Dealing with the vector triple product might seem tricky at first, but it becomes straightforward when you know the right identity to use. The vector triple product involves three vectors, and the expression typically looks like \( \mathbf{a} \times (\mathbf{b} \times \mathbf{c}) \). This isn't the same as just multiplying straight across. Instead, it has a special expansion rule, known as the vector triple product identity.

• This identity states: \( \mathbf{a} \times (\mathbf{b} \times \mathbf{c}) = (\mathbf{a} \cdot \mathbf{c}) \mathbf{b} - (\mathbf{a} \cdot \mathbf{b}) \mathbf{c} \).
• What this means is that instead of dealing with three vectors in a product, you can reduce it to two terms. Each term consists of one vector and a dot product between two others.

This simplification is incredibly useful for differentiation, as the problem turns into a linear combination of vector functions. This transformation makes it much easier to apply calculus rules.

Understanding how to take the derivative of vector functions is key in vector calculus. A vector function takes a scalar variable (like time \( t \)) and returns a vector. When differentiating vector functions, it's important to do it component-wise.

• Each part of the vector function is treated independently under differentiation.
• If \( \mathbf{r}(t) \) is a vector function, its derivative \( \frac{d}{dt} \mathbf{r}(t) \) is found by taking the derivative of each component.
• The derivative gives you a new vector that describes how the original vector changes over time.

To address the original problem, we split the vector expressions using the triple product identity into separate terms. Each term then involves finding the derivative of dot products or vector functions, both of which follow well-established differentiation rules.

The product rule is a cornerstone of calculus used when differentiating products of two functions. For scalar functions, if \( u(t) \) and \( v(t) \) are functions of \( t \), the product rule states:

• \( \frac{d}{dt}[u(t) v(t)] = u'(t) v(t) + u(t) v'(t) \).
• Here, \( u'(t) \) is the derivative of \( u \), and \( v'(t) \) is the derivative of \( v \).

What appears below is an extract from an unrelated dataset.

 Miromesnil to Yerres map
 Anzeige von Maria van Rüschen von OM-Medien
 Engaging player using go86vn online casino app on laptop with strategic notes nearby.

This rule can also extend to vector functions. When you have vector functions like in the given problem, each component of the vectors is differentiated separately using the product rule.
For example, when differentiating \((\mathbf{r}_{1}(t) \cdot \mathbf{r}_{3}(t)) \mathbf{r}_{2}(t)\), the derivative uses the product rule on the scalar dot product \(\mathbf{r}_{1}(t) \cdot \mathbf{r}_{3}(t)\) and the vector \(\mathbf{r}_{2}(t)\).It's crucial to respect the order of operations and the nature of dot products when using the product rule with vectors.